Following the line taken by the government in the opposition early day motion debate on 3 February, the factsheet stresses that compliance among multinationals is a ‘global issue that requires a global solution’. It highlights:

  • investigations involving about two-thirds of the UK’s 800 largest businesses at any given time;
  • its focus on compliance, securing more than £100bn of compliance revenues since 2010;
  • new legislation to strengthen HMRC’s powers, such as the diverted profits tax, the general anti-abuse rule and accelerated payment notices; and
  • the approach the department takes in large, complex cases, whereby: ‘three HMRC commissioners have to approve any proposal for resolving disputes, including one commissioner from an area of the business which is not directly responsible for the enquiry and the tax assurance commissioner, who oversees the process and publishes an annual report on his work. This process is subject to routine scrutiny by the NAO.’ In short, ‘HMRC does not do “sweetheart deals”.’

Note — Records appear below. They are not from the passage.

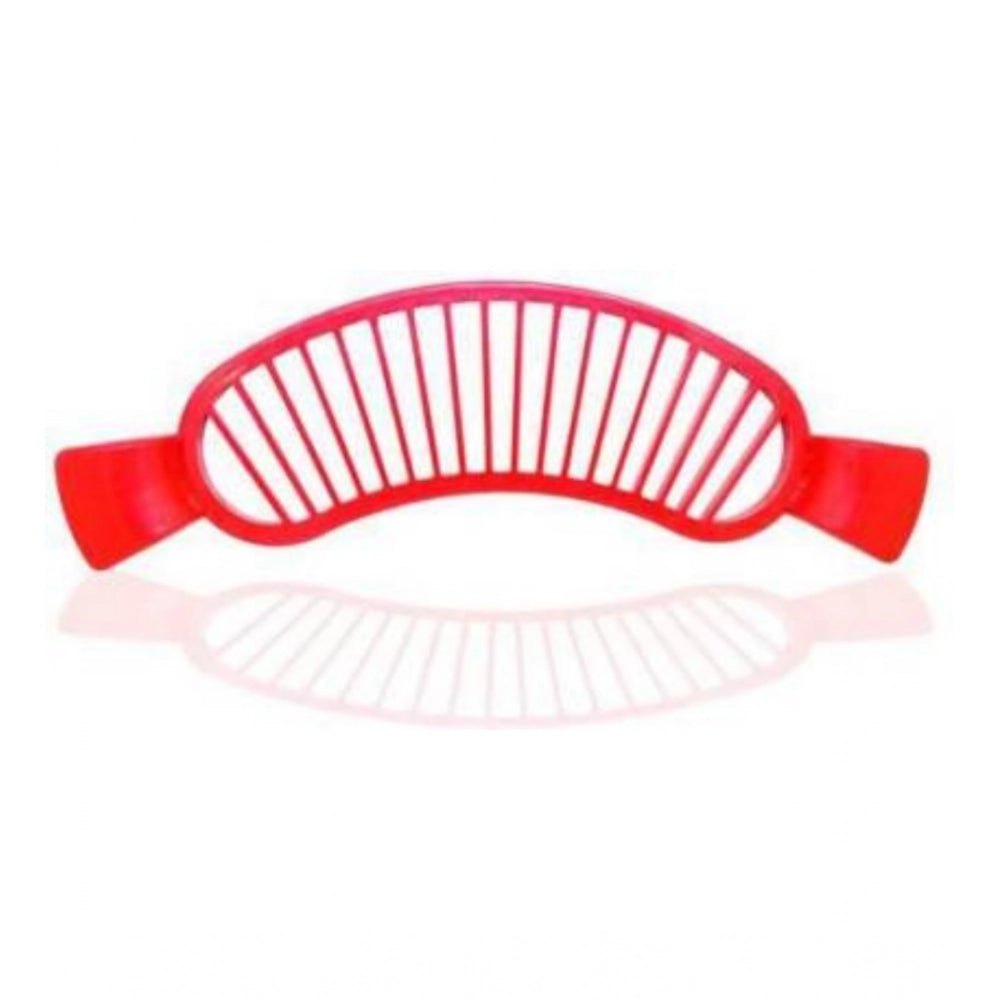 Aura Living Gear Pack of 8_Banana Slicer Cutter And Chopper – Plastic Fruit Slicers for Salads (Color: Assorted )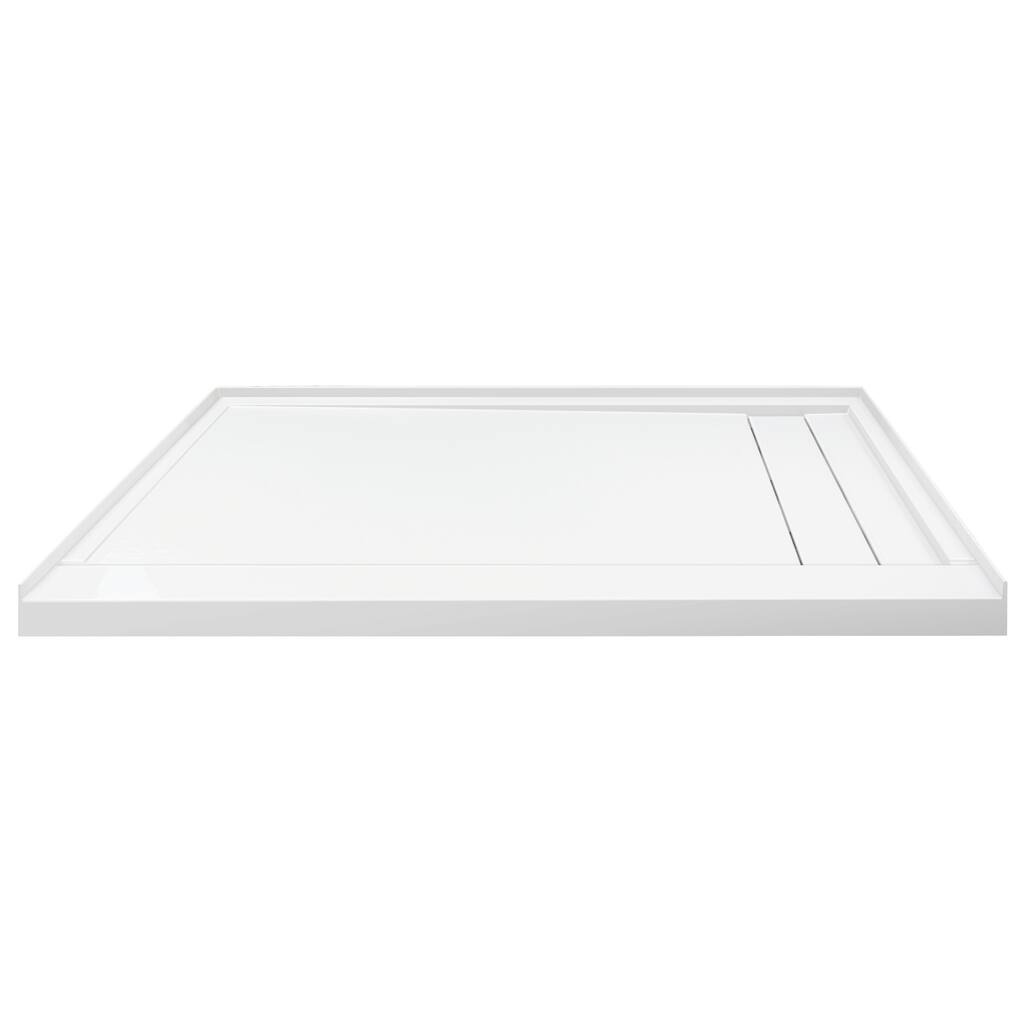Transolid Linear 60" x 30" Alcove Shower Base with Right Hand Drain - 60" x 30" - 60" x 30"
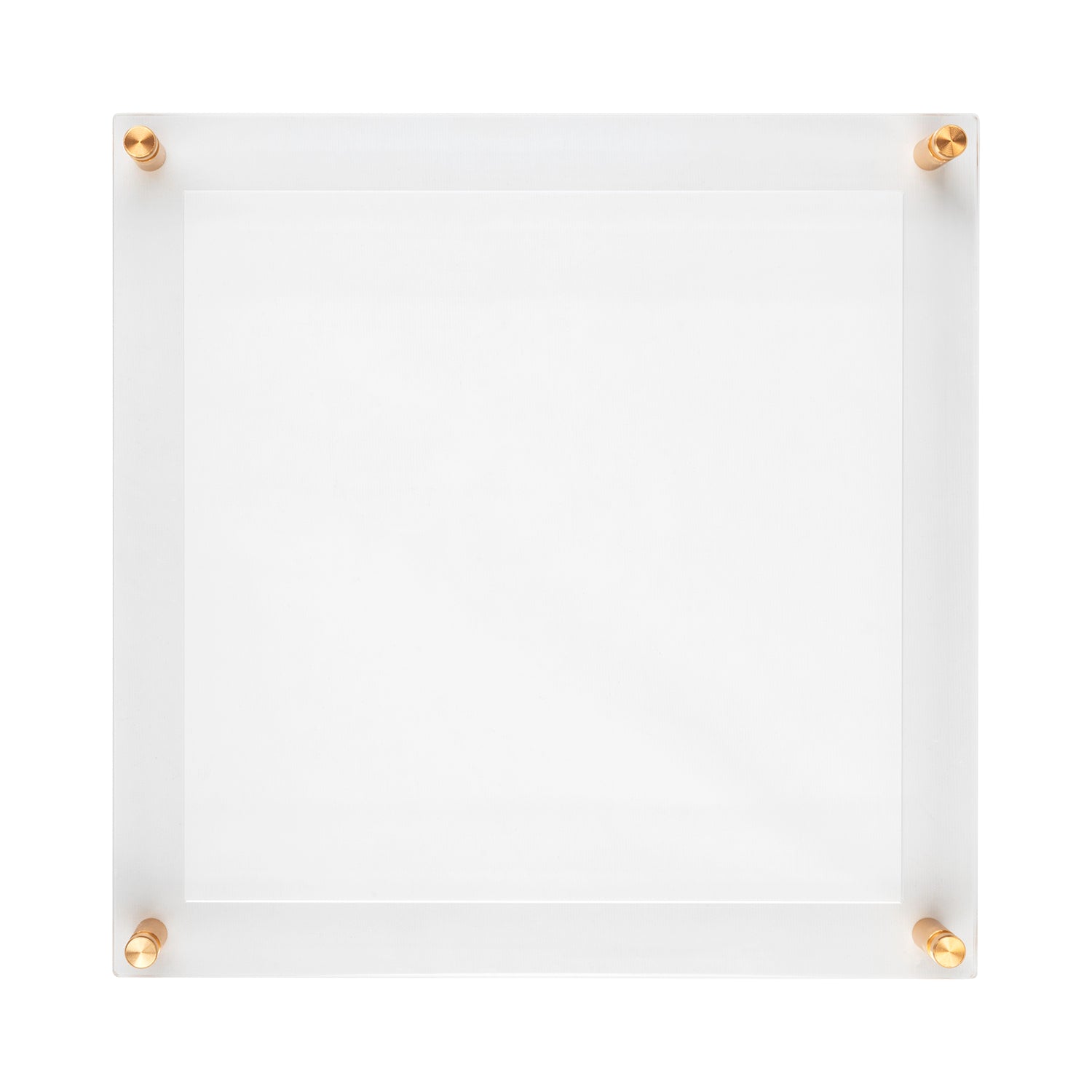Case Pack of 5 Vinyl Record Album Frames with 12x12" Acrylic Mat (for Sleeve or Vinyl)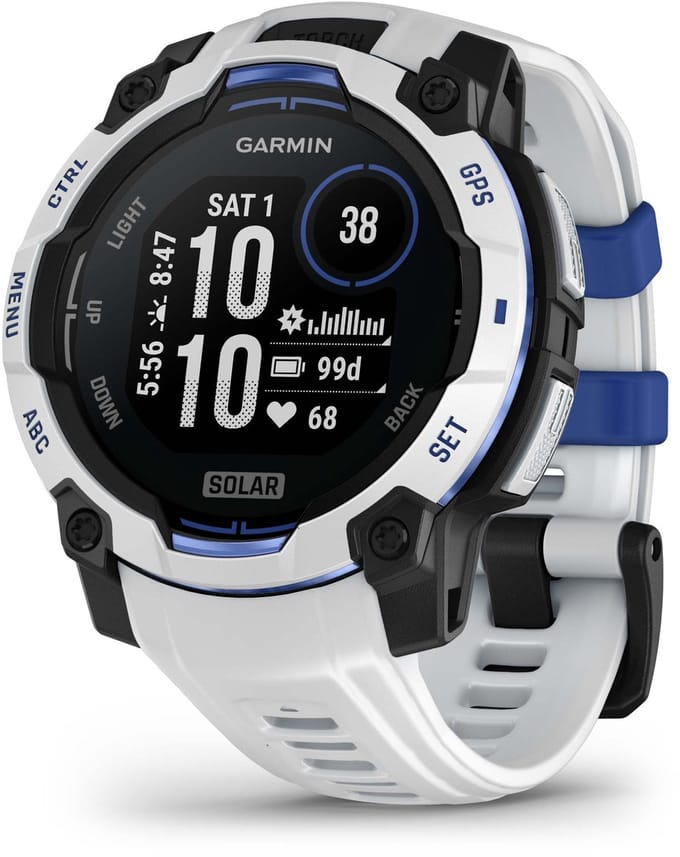 Garmin Instinct® 3 - Smartwatch - Solar - 50mm - SuperNova Limited Edition - Zwart met whitestone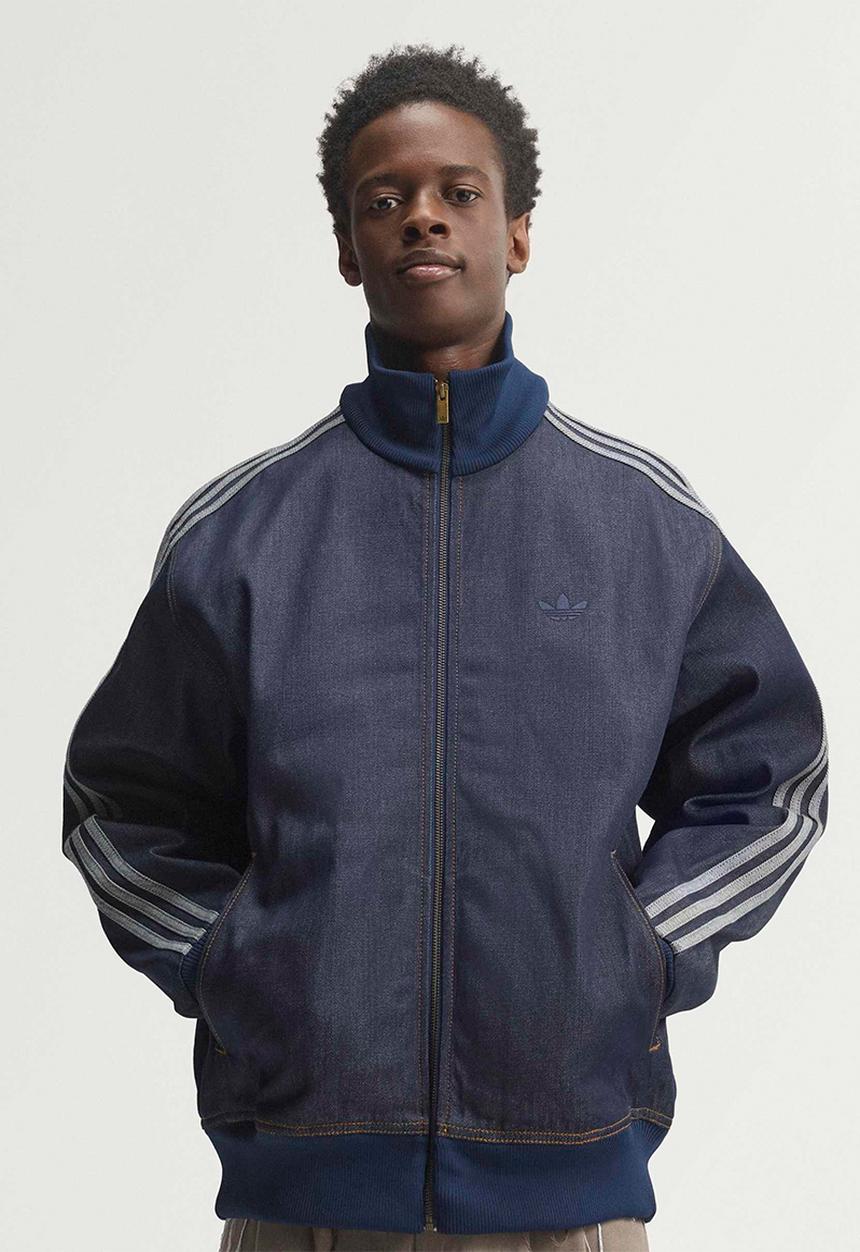 adidas Originals - Firebird Adicolor Raw Denim Track Top - Indigo Denim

In relation to Google, HMRC said it taxed ‘all of Google’s profits chargeable to tax in the UK for the period in question, at the full statutory rate of tax’.

‘Some commentators have applied Google’s group profit margin to its sales to UK customers and estimated that Google’s UK corporation tax is equivalent to an effective tax rate of around 3% on the group’s profits arising in the UK. This calculation does not reflect how tax law works.’

HMRC said it could not comment on media speculation about what other European tax authorities are doing regarding Google, However, the department ‘is satisfied that our enquiry has secured all the tax that is due in the UK’.

HMRC also stated that government ministers ‘are not informed of the progress of enquiries and play no part in agreeing the amount of tax to be paid by any taxpayer’. ‘We only informed ministers of the outcome of the Google enquiry after it was concluded, and we only told them information that was in the public domain or that Google intended to make public.’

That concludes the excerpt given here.